Work required:
Write out each record exactly and skip every image.

Data to process:

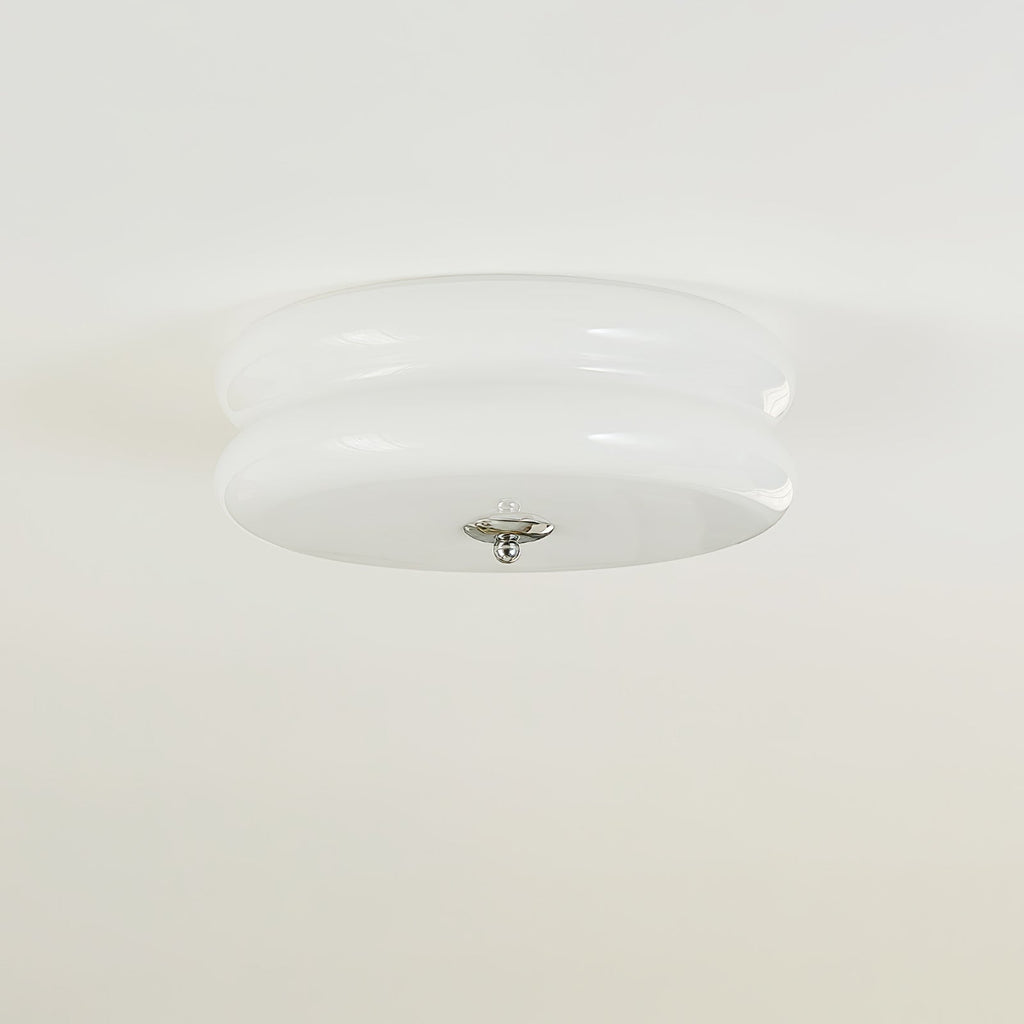 Sufitowa Lampa Art Deco z Ryflowanym Szkłem Styl Vintage
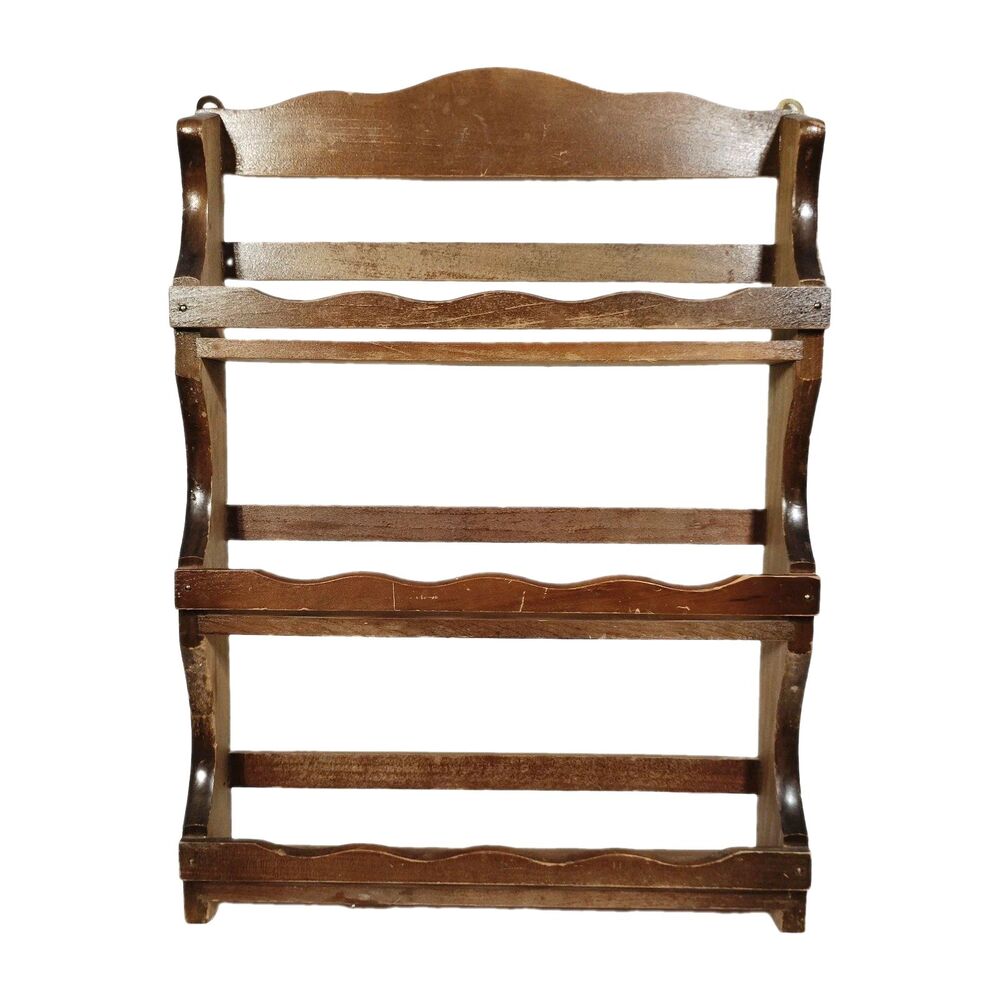 Vintage Wood 3 Tier Wall Spice Rack Shelf Farmhouse Cottagecore Grannycore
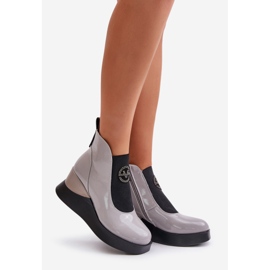 Lakirane tanke čizme, izolirane Vinceza 66703, sive siva 1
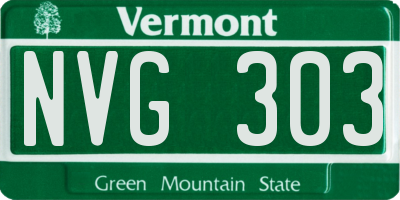VT license plate NVG303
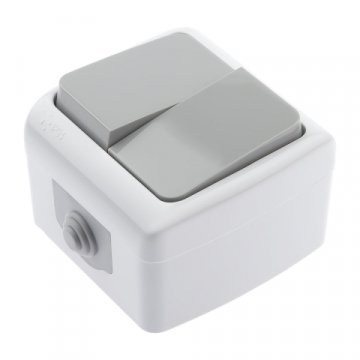 Выключатель двухклавишный ЭРА Intro Atlantic 10AX 250V 5-104-03 Б0050943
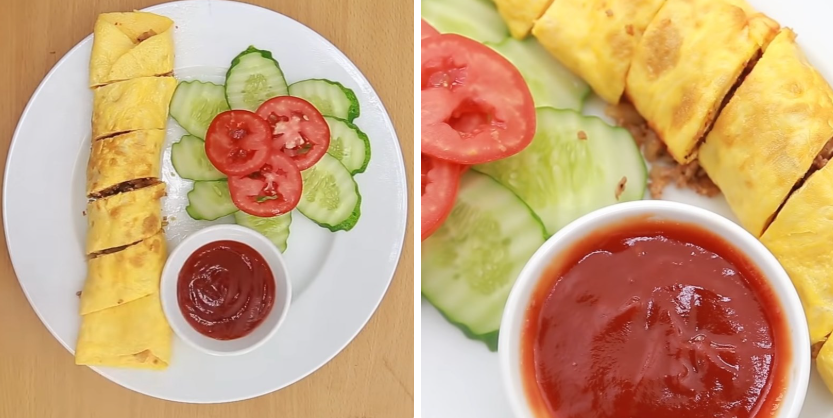 Bước 4 Thành phẩm Trứng cuộn kim chi 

Response to this exercise:
 Sufitowa Lampa Art Deco z Ryflowanym Szkłem Styl Vintage
 Vintage Wood 3 Tier Wall Spice Rack Shelf Farmhouse Cottagecore Grannycore
 Lakirane tanke čizme, izolirane Vinceza 66703, sive siva 1
VT license plate NVG303
 Выключатель двухклавишный ЭРА Intro Atlantic 10AX 250V 5-104-03 Б0050943
 Bước 4 Thành phẩm Trứng cuộn kim chi 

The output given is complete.